Why would Jesus urge us to make every effort to enter life with God through faith alone when we’ve been doing exactly that for years? Well, just in case. It’s so easy to gain weight isn’t it; a pound here and five pounds there. We’ve all learned that at times in our lives. It’s the same with faith in Jesus. We gain a pet sin here and a sinful habit there and they feel kind of good and we decide the extra weight won’t matter much. We add on the offerings we give and the volunteering we’ve done and the kindness we’ve shown and conclude we look pretty good with a few bonus pounds. The church scales show that we’re the third or fourth or fifth generation of Lutherans in our family and we figure we must be healthy from God’s perspective. And little by little the extra weight squeezes out faith. We take our eyes off of Jesus and put our confidence in ourselves. And all at once we can’t fit through the narrow door of faith in Christ alone. And that’s why Jesus says to us, too: Make every effort to enter through the narrow door. Thank God for the faith God has given you and for the commitment you’ve shown over they ears but strive and strain every day just in case. Exercise your faith with repentance, feed your faith with the Word, run your race with Jesus as the finish line. And deep down say again and again: “Nothing in my hands I bring; simply to thy cross I cling.”

 

In his story about the narrow door, Jesus created the worst possible scenario. The owner of the house was ready to shut the door and those who couldn’t and wouldn’t fit through the door were headed for hell.
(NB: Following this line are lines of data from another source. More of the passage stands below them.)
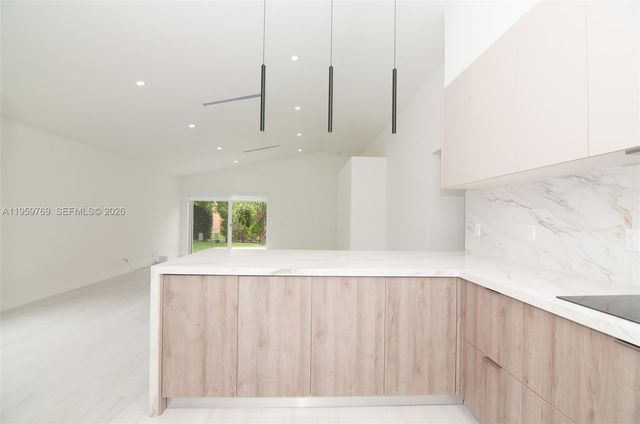 4420 Dogwood Cir 4420, Weston, FL 33331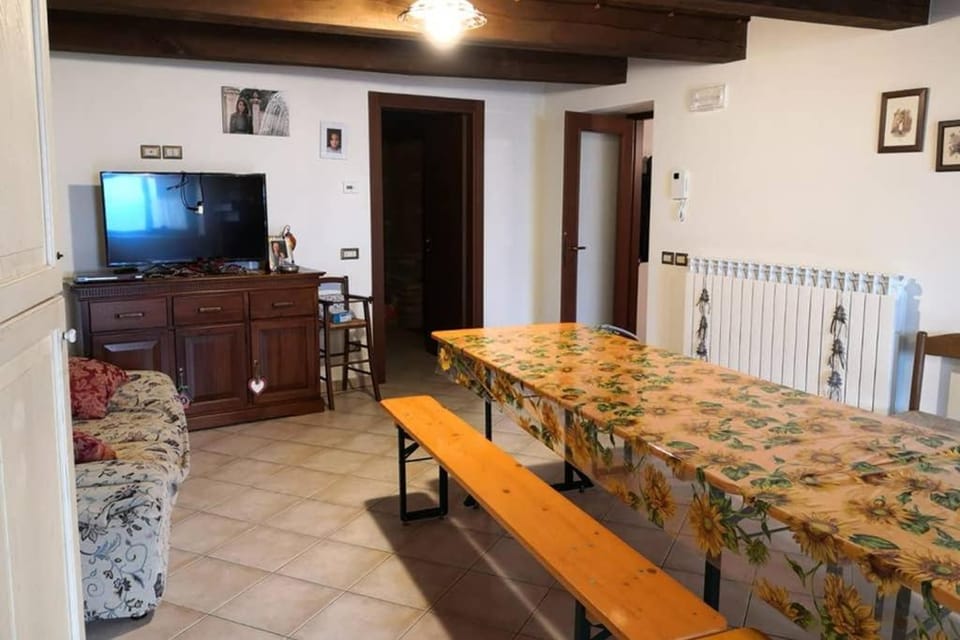 Communal lounge/ TV room, TV and multimedia, Living room, Seating area, Dining area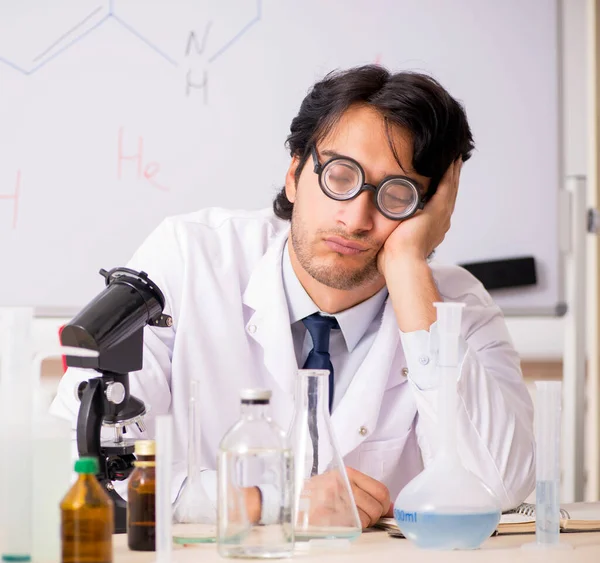 白い板の前の若い面白い化学者 — ストック写真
There will be weeping there and gnashing of teeth. But the horror of hell Jesus described wasn’t fire and brimstone. The real horror was losing out on what others were enjoying. If they would have approached the door with faith alone, they would have had everything they saw others enjoying. Despite all their Jewishness, Abraham, Isaac, and Jacob and all the prophets never put their confidence in their history or heritage. They put their faith in the Lord and they gained life with God. Despite their idolatry and their distance from Jerusalem, people from the east and west and north and south took their places at the feast in the kingdom of God. They left their idols and their lifestyles and put their faith in Christ. Jesus warned: You considered these people to be the lowest of the worst and considered yourselves the highest of the best. But through faith in Christ those who are last in your opinion have become first in God’s sight. And you who thought you were first will be last and will languish with Satan in hell.

 

Hard words. Especially hard words for people like us who come to church Sunday after Sunday because we believe what the Bible says: We are saved by grace alone, by faith alone, by Scripture alone, and by Christ alone. But Jesus wants us to hear these words just in case.We can’t know when the Lord will close the door for us. A sudden heart attack, a freak auto accident, a fall down the stairs, even the final judgment. None of us knows when our time of grace will end. And so Jesus says, Make every effort to enter through the narrow door. In your thoughts and prayers remember what Jesus has done for you. Assess your attitude toward Jesus everyday. Evaluate your need for his love and forgiveness. Measure how you rely on him for everything. Hold to Jesus by faith alone and you will enjoy all the magnificence of life with God now and then.

 

In his Sermon on the Mount Jesus raised this truth in a little different way. The point he made was the same. Enter through the narrow gate, Jesus said, for wide is the gate and broad is the road that leads to destruction, and many enter through it. But small is the gate and narrow the road that leads to life, and only a few find it. Loving and wise advice even for us. Just in case. Amen.